In a free expansion of an ideal gas in a region or container, we cannot trace a pressure-volume path since the pressure, temperature and volume of the gas fluctuate unpredictably when the gas fills the region (container).

But since entropy is a state property, the difference in entropy must depend only on initial and final state. So we can replace the irreversible free expansion with a reversible process with same initial and final condition.

Consider an insulated container along with a thermal reservoir attached to it whose temperature can be varied by a knob. It's current temperature is T. A piston is also attached to it. Above the piston is kept a small container containing iron balls (to balance the pressure due to atoms below it). The initial state is the same as the initial state of a free expansion.

Removing the iron balls one by one, we increase the volume with an infinitesimally amount and also by keeping the temperature constant. Since it follows an isothermal path, the heat absorbed by gas from reservoir is equal to the work done by the system (positive).

W=Q

After the final condition by the reversible isothermal process is achieved,

Change in entropy = Q/T And so, Entropy increases

To sum it up:- we can write :-

To find the entropy change for an reversible process occuring in a closed system, we replace that process with any reversible process that connects the same initial and final states.

Case - 2

Since the process is reversible we can proceed in a reversible manner, i.e we can add more and more iron balls to decrease the volume and consequently the energy must be extracted from the gas and be given to the thermal reservoir, i.e the heat Q is negative. Thus entropy must decrease.

But this does not happen since the thermal reservoir's entropy increases and the system consisting of the gas and reservoir, the total entropy change is 0.

Note - By taking the gas as the system, we do not meet the requirement of the entropy's definition of having a Closed System.

To sum up this :-

If a process occurs in a closed system, the entropy of the system increases for irreversible processes and remains constant for reversible process. It never decreases.

I have explained here in short about what has been given in my textbook for entropy.

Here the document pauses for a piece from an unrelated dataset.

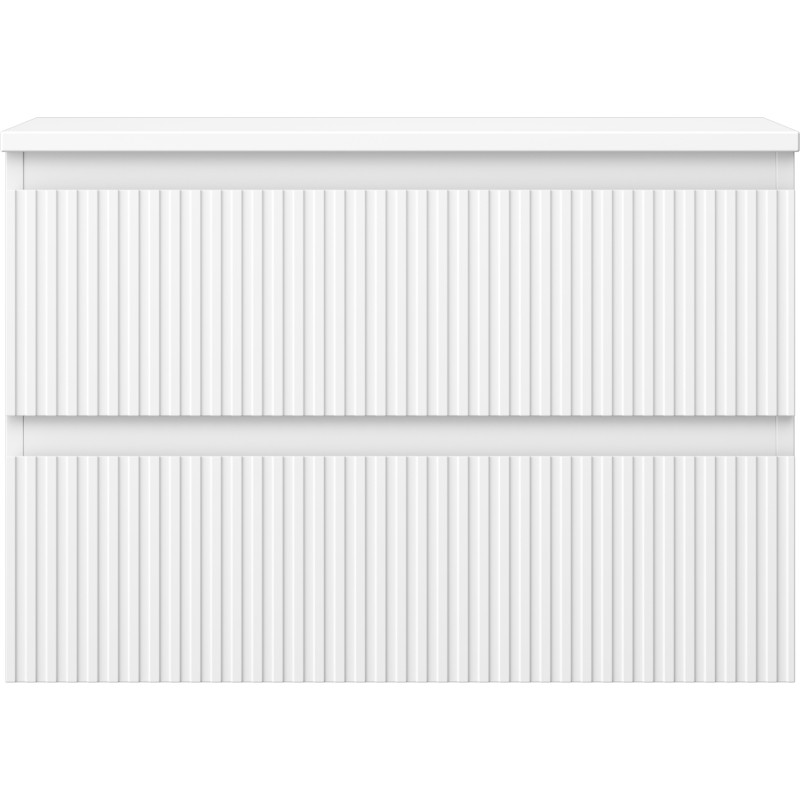 Mexen Rivel Meuble de salle de bain sous vasque 70 cm avec plateau, 2 tiroirs, rainuré, blanc mat - 91A20-07047-2-BFFC01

My Question - In case 2, we take the system to be the gas as well as the reservoir and so the total entropy change is 0 while in case 1, we take the system to be only the gas. If I take the system, in case 1, to be gas and reservoir, the entropy should be zero. Since heat is being removed from the reservoir thus Heat Q in the entropy formula for reservoir should be negative. And thus the total change should be zero in case 1 as well.

Why doesn't this happen?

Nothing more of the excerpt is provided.